I have been having problems while trying to prove the following inequality. Given $\{\phi_k\}_{k=1}^K$ such that $\sum_k \phi_k = 1$, we have the following inequality: \begin{align} \frac1{\sum_k x_k} \leq \sum_k \frac{\phi_k^2}{x_k}, \end{align} for some $x_k >0$, $k=1,\dots,K$.
This inequality is often used in the majorization-minimization algorithm for non-negative matrix factorization models. My notes (from $5$ years ago) tell me that this inequality can be proven by using the Jensen's inequality, but, at the moment, I cannot figure out how it can be achieved. It seems quite elementary though.

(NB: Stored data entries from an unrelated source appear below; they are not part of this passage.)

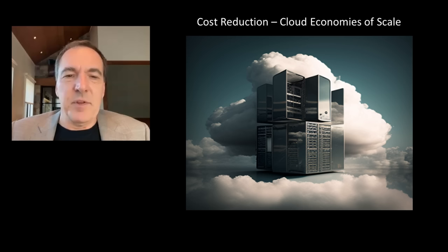Number three, cost reduction from the cloud's economies of scale. This cost reduction is derived from the cloud's full utilization of shared hardware. Additionally, fewer on-site resources are required for updates.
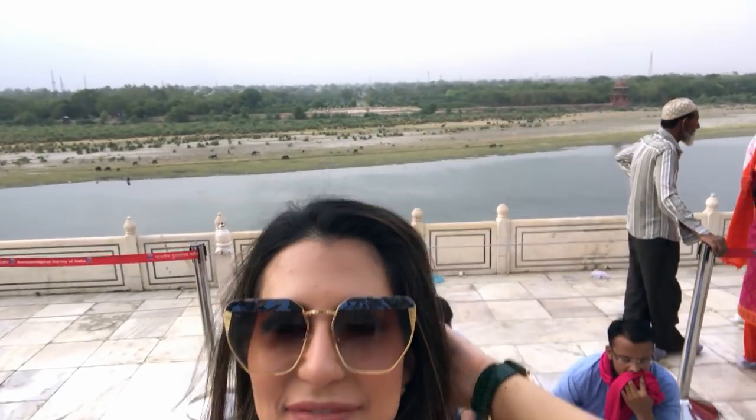Behind me is the foundation of another Taj Mahal that was about to be built by Shah Jahan — the emperor who built the original. He built this one as a tomb for his wife, and wanted to build one for himself. His son put him in jail to stop him spending more money. It was supposed to be a black Taj Mahal, with marble from Belgium, which would have been even more expensive. There's a little fact of the day for you!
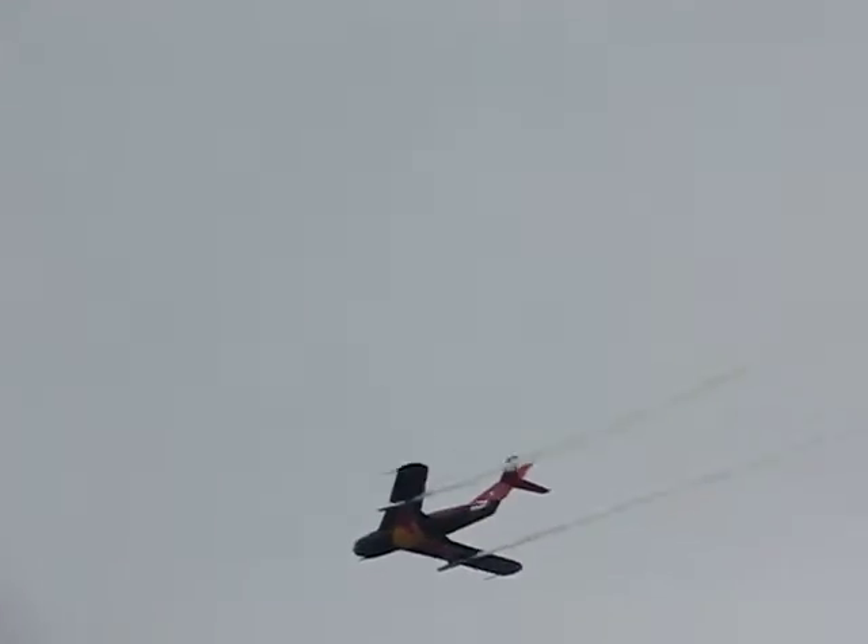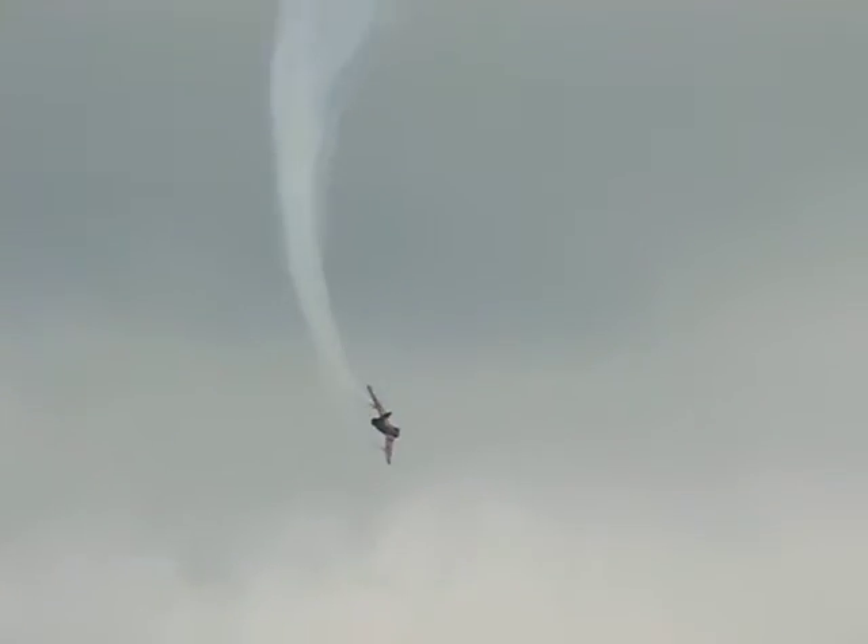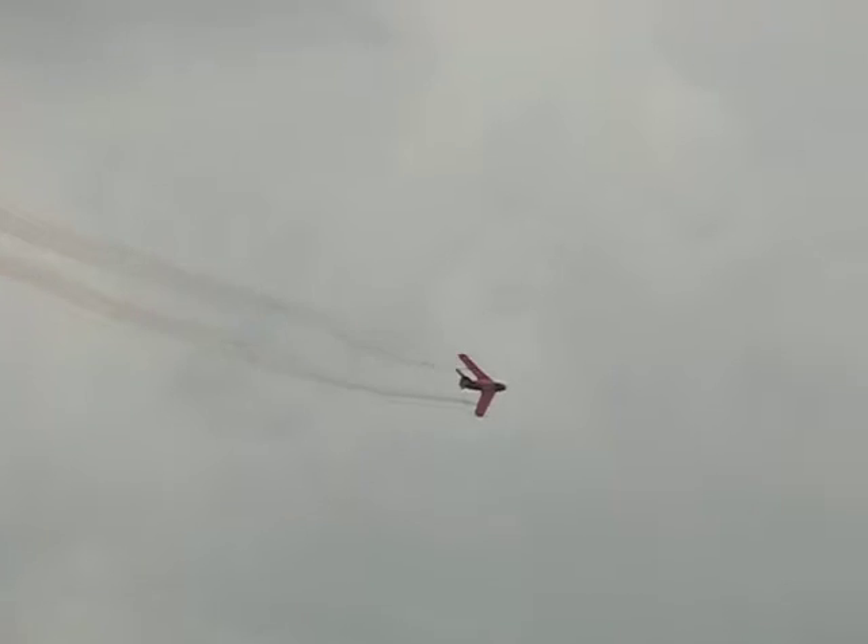We look at those smoke generators. We were talking about airshow smoke and the paraffin-based oil being injected into the exhaust stacks. There's no exhaust on the wings on that — no, there's not. And the airplane is powered by a vehicle.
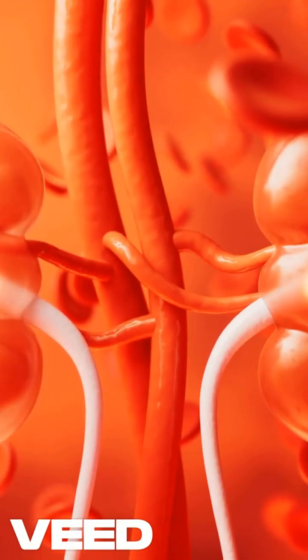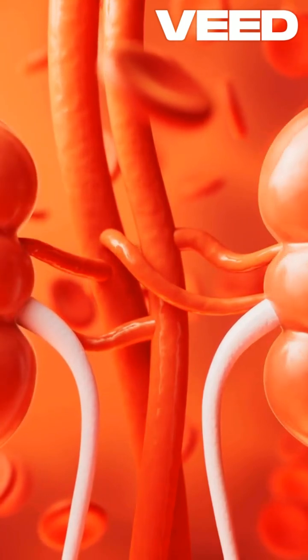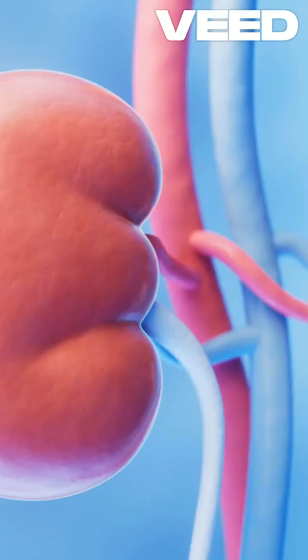Kidney disease affects millions of people worldwide, and the FDA has approved several medications to help manage and treat this condition. Let's take a quick look at 10 key medications.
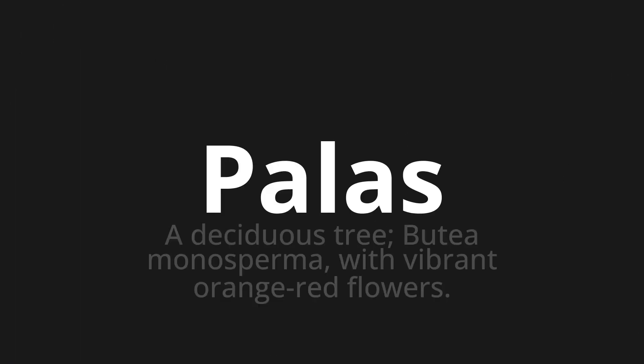Palas, which means a deciduous tree, Butea monosperma, with vibrant orange-red flowers.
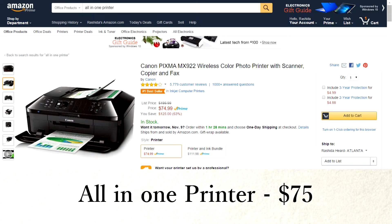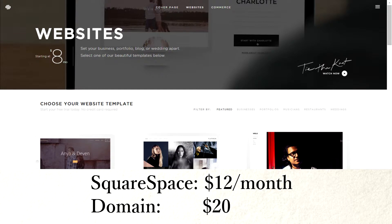For your printer, you can use anything. Make sure it has a wireless printer, a scanner, copy and print, maybe fax depending on your clients. This one was $75 from Amazon.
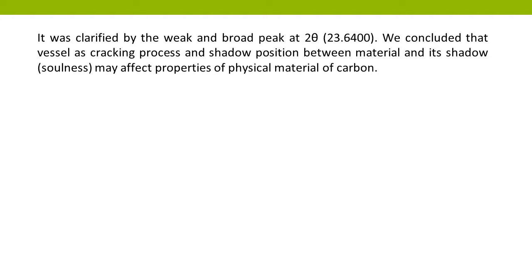We concluded that the vessel's cracking process and the shadow position between the material and its shell — referred to as soleness — may affect the physical properties of the carbon material.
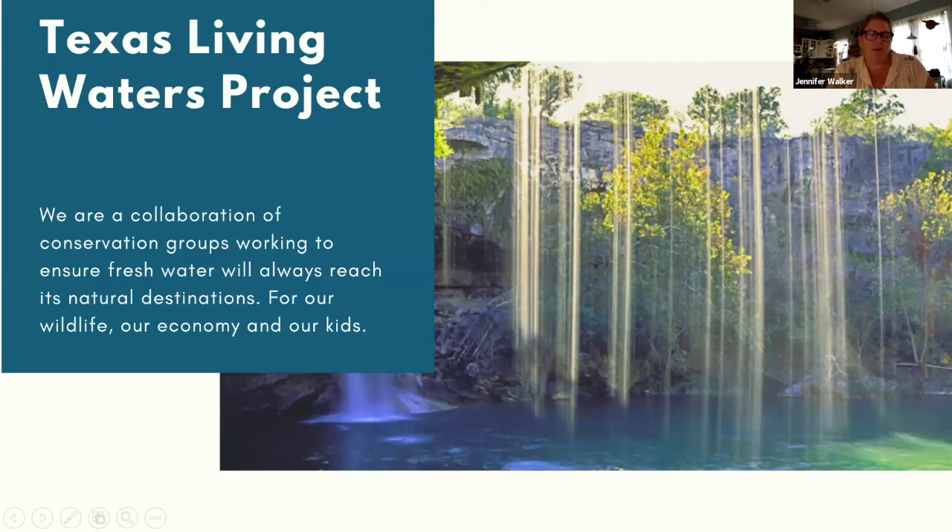The Texas Living Waters Project is a collaboration of four conservation groups: National Wildlife Federation, the Lone Star Chapter of the Sierra Club, Galveston Bay Foundation, and the Hill Country Alliance. We work together to ensure water for thriving communities and abundant fish and wildlife habitat. Our three major programmatic areas are water for wildlife, climate resilience, and urban water management. Urban water management and fish and wildlife habitat protection are strongly connected — we offer the Texas Water Conservation Scorecard to help inspire and educate utilities in that effort.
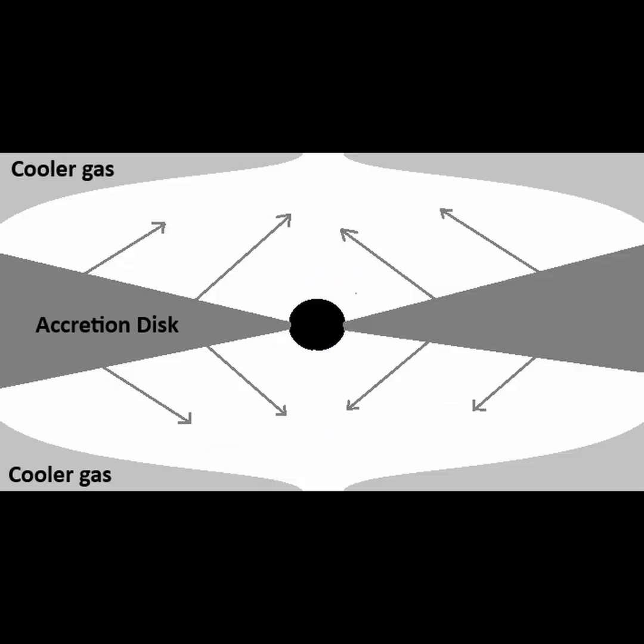There can also be a cooler cloud of gas surrounding the hotter accretion disk. The cooler gas cloud blows up like a bubble due to the hotter gases from the spinning accretion disk. This bubble inflates, but holes in the top and bottom form to expel the hotter gases out.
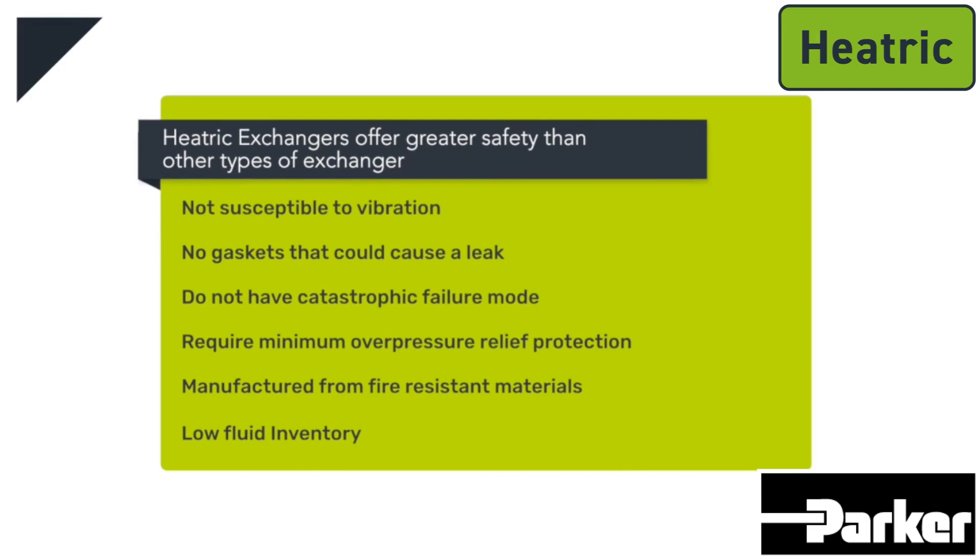Heatric exchangers offer greater safety than other types of exchanger. This is because they are not susceptible to vibration, have no gaskets that could cause a leak, and do not have a catastrophic failure mode. As a result, Heatric exchangers require minimal over-pressure relief protection. They are also manufactured from fire-resistant materials and have a low fluid inventory.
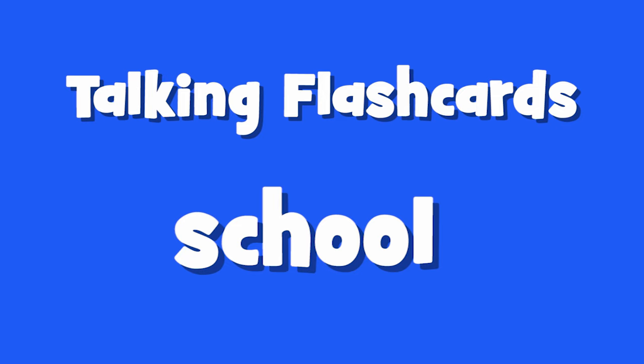Talking Flashcards School. Are you ready? Here we go.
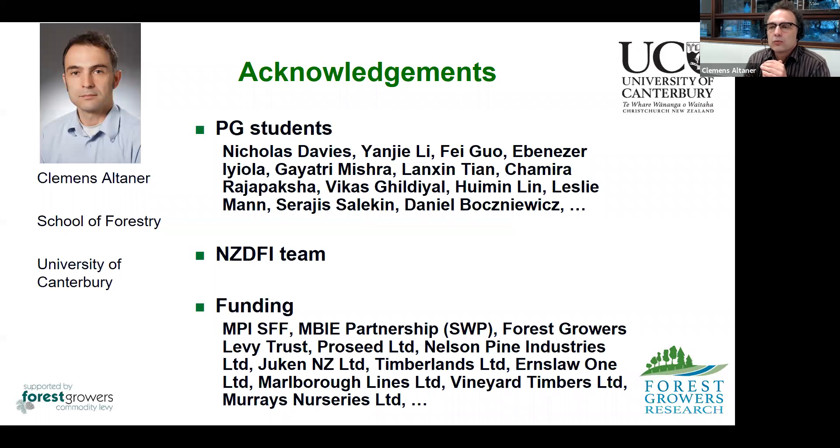This work wouldn't have been possible without many collaborators, PhD students and master's students at the School of Forestry, a large team at the NZDFI, and funding from government and industry. I would like to thank you all for watching and I hope to see you soon in person.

Briefly, my question is how can we prove this inequality by using Jensen's inequality (or any other approach).
Note that, since $x_k>0$ for all $k$, setting $p_k \stackrel{\rm def}{=} \frac{x_k}{\sum_k x_k}$ the $(p_k)_k$ define a probability distribution.
Since $x\mapsto x^2$ is convex, by Jensen's inequality we have $$ \left(\sum_{k} p_k \frac{\phi_k}{x_k}\right)^2 = \mathbb{E}_{k\sim p}\left[\frac{\phi_k}{x_k}\right]^2 \operatorname*{\leq}_{\rm Jensen} \mathbb{E}_{k\sim p}\left[\frac{\phi_k^2}{x_k^2}\right] = \sum_{k} p_k \frac{\phi_k^2}{x_k^2} $$ i.e., rearranging, $$ \frac{1}{\sum_k x_k}=\frac{\left(\sum_{k} \phi_k\right)^2}{\sum_k x_k} \leq \sum_{k} x_k \frac{\phi_k^2}{x_k^2} = \sum_k \frac{\phi_k^2}{x_k} $$ as sought (the first equality as $\sum_{k} \phi_k=1$).